> _What is needed_
Each line below should be repeated exactly as written, with no pictures carried over.

> _Dataset extract_
################

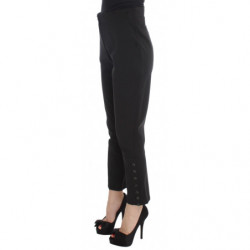 Pantaloni cropped Capri in misto cotone nero - IT40-S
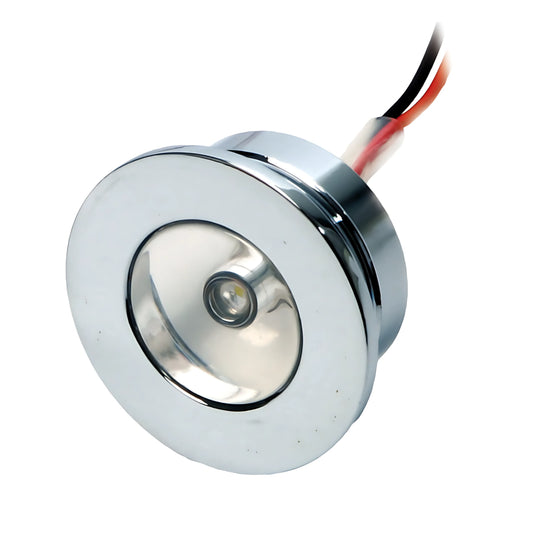 Luce di cortesia nautica a LED da incasso, forma tonda in ottone cromato, protezione IP65. Ideale come segnapasso, disponibile con luce bianca o blu.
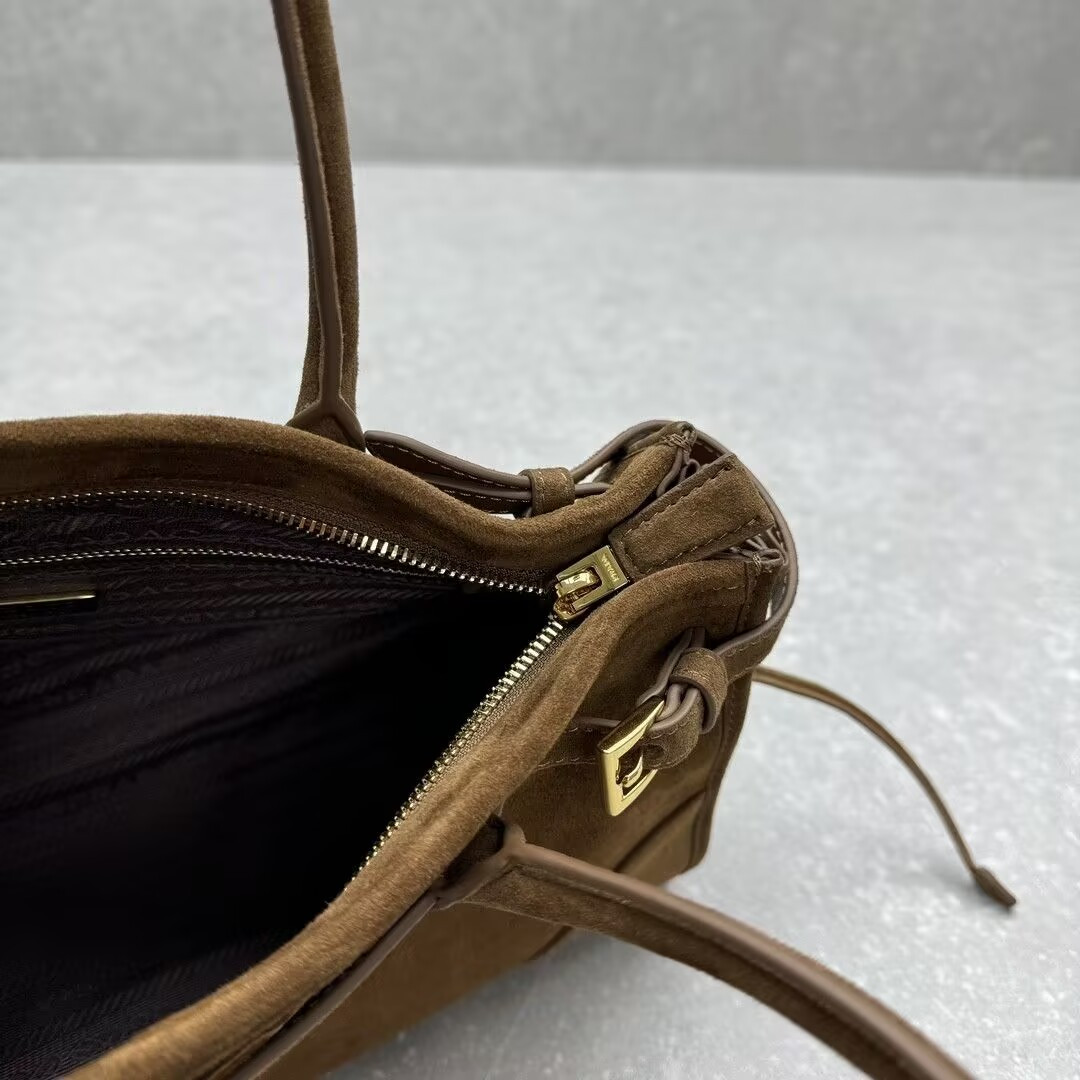 Prada Bonnie Medium Suede Handbag 32x15.5x12cm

################

> _Exercise result_
 Pantaloni cropped Capri in misto cotone nero - IT40-S
 Luce di cortesia nautica a LED da incasso, forma tonda in ottone cromato, protezione IP65. Ideale come segnapasso, disponibile con luce bianca o blu.
 Prada Bonnie Medium Suede Handbag 32x15.5x12cm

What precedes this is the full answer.